Dismissing the concerns, Tong, a former chairman of the Bar Association, insisted choice was still a feature under the proposed overhaul.

“You can pick the government-appointed lawyer or your own lawyer. There is no law that bars you from hiring your own legal representative,” he said.

Executive Council member Ronny Tong Ka-wah.


Asked if the proposal – requiring defendants to fork out their own money to hire their preferred lawyers – would impose a financial threshold, Tong replied: “It is not a threshold but a balancing point. If you use taxpayers’ money, you will have to accept the system.”

He added the abilities of lawyers with similar years of experience were more or less the same, stressing that the overhaul would not compromise the rights and interests of legal aid applicants.

But Tong’s defence failed to allay the concerns of some.

Civic Party chairman Alan Leong Kah-kit, also a senior counsel and ex-chairman of the Bar Association, said Article 35 could only be interpreted as meaning that Hongkongers should have free choice over legal representation.

“The legal aid scheme has been put in place just to ensure – so far as the public coffers can afford it – that this right guaranteed to Hong Kong people will not be obstructed because of the lack of money, or that financial means is not an obstacle to the exercise of this right guaranteed under Article 35,” Leong said. “That is why we have this scheme in place.”

Barrister Chris Ng Chung-luen, who has taken legal aid cases, highlighted the importance of trust between client and lawyer.

“When some clients nominate certain lawyers, it is not because they believe they will help them win but the fact that they have already built mutual trust beforehand,” he said.

The Bar Association has urged the government to take heed of a Basic Law ‘choice of lawyers’ provision.


Some lawyers start helping defendants from the point of arrest, supporting their bail applications and offering preliminary legal advice until their cases are heard in court, Ng explained, saying the process could take a year or two, possibly longer.

“This mutual trust cannot be easily replaced,” he said. “In fact, allocating the case to the lawyers who are familiar with it will actually help save time and taxpayers’ money, given these lawyers have already gone through all the documents and video footage.”
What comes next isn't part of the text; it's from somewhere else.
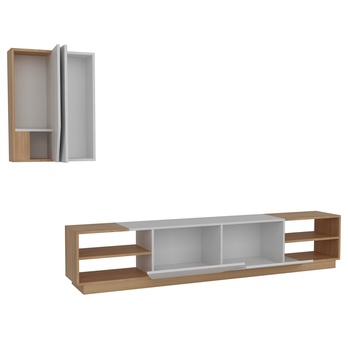 TV sestava ZEBA bílá/teak 3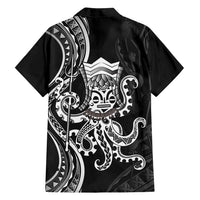 Black Hawaii Kanaloa God Family Matching Off Shoulder Maxi Dress and Hawaiian Shirt Hawaiian Octopus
According to the consultation paper, seen by the Post, to be submitted to the legislature by the Chief Secretary’s Office next week, the government noted concerns over whether some criminal legal aid cases and a number related to judicial review hearings were concentrated within only a handful of lawyers, legal firms or counsel chambers.

Under the overhaul, the director of legal aid should only accept nominations of lawyers in exceptional circumstances, such as where they have represented their clients in lower courts.

The proposals would also impose a new upper threshold on legal professionals taking charge of civil cases, reducing the current annual quota from 35 for solicitors and 20 for barristers to 30 and 15 respectively. Civil cases include injury and matrimonial claims.

As part of the changes, the government has also proposed reducing the number of judicial review cases that solicitors can take to five per year, or three for barristers.

Currently, solicitors are allowed to take up to 35 judicial review cases annually, compared with 20 for barristers.

The form of legal challenge allows residents to take authorities to court over their decisions. Opposition lawmakers and activists have deployed the mechanism to challenge government policies.